Googler Confirms ‘Halo Effect’ on Google Pixel’s Rear Camera; Fix Incoming

BY Rajesh Pandey

Published 26 Oct 2016

Google Pixel XL - oblique view

The 12MP rear shooter on the Pixel might not seem impressive on paper, but it has received rave reviews, with the camera easily challenging the likes of Galaxy S7 and iPhone 7. The camera is not without its issues though, with many customers and reviewers noting a “halo effect” in photos taken under certain lighting conditions.

The lens flare/halo effect is a pretty common issue that affects the camera of most smartphones when light hits the camera lens at a certain angle. However, on the Pixel, the issue seems to occur way more frequently and can easily ruin the photos taken from the phone.

Responding to a thread on Google product forums about this issue, a Googler “IssacOnCamera” has explained the issue and confirmed that Google is working on a fit despite this seemingly being a hardware issue.
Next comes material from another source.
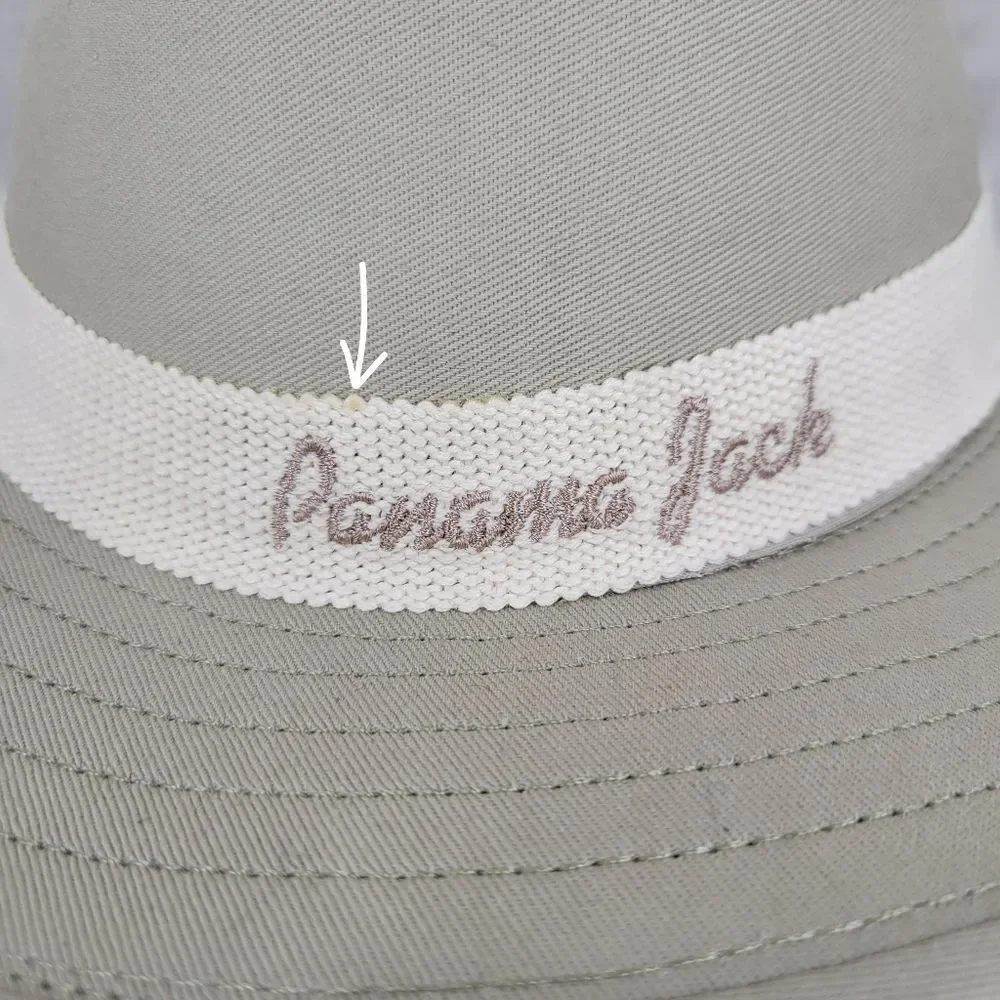 Panama Jack Men's Tan Canvas Hat Safari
He notes that the “halo/arc flare” on the Pixel appear “as a bright/low-contrast arc in the corners of the flame.” Google is working on a fix that uses some advanced mathematical computation which should be bundled in a software update for the device in the next few weeks.

Hi, all!

First, for some background — flare is a property of ALL camera lenses. It comes in a ton of different shapes and sizes and can even be used for creative effect — good and bad :-). The shape, color, amount, etc. of flare is related to dozens of different parameters of the lens structure and inclement light.
However, we have seen reports about this “halo/arc flare”. This is the specific kind of flare that appears as a bright/low-contrast arc in the corners of the frame.
You can expect a software update in the next few weeks that will improve the effects of this issue. We’re working on some algorithms that recognize the halo/arc flare, characterize it mathematically, and then subtract it from the image.  🙂  You will need to use HDR+ to see the benefits of this software.
Also, there is no point getting your device replaced thanks to this issue. The Pixel camera’s lens structure is very highly controlled — this means that all Pixels take high-quality images, but it also means all Pixels have the same flare characteristics.
I wrote a post a while ago about how by doing things in software, we are able to make Pixel’s camera even better over time. This is one of those ways.
Have you faced the “halo effect” on photos taken with your Google Pixel?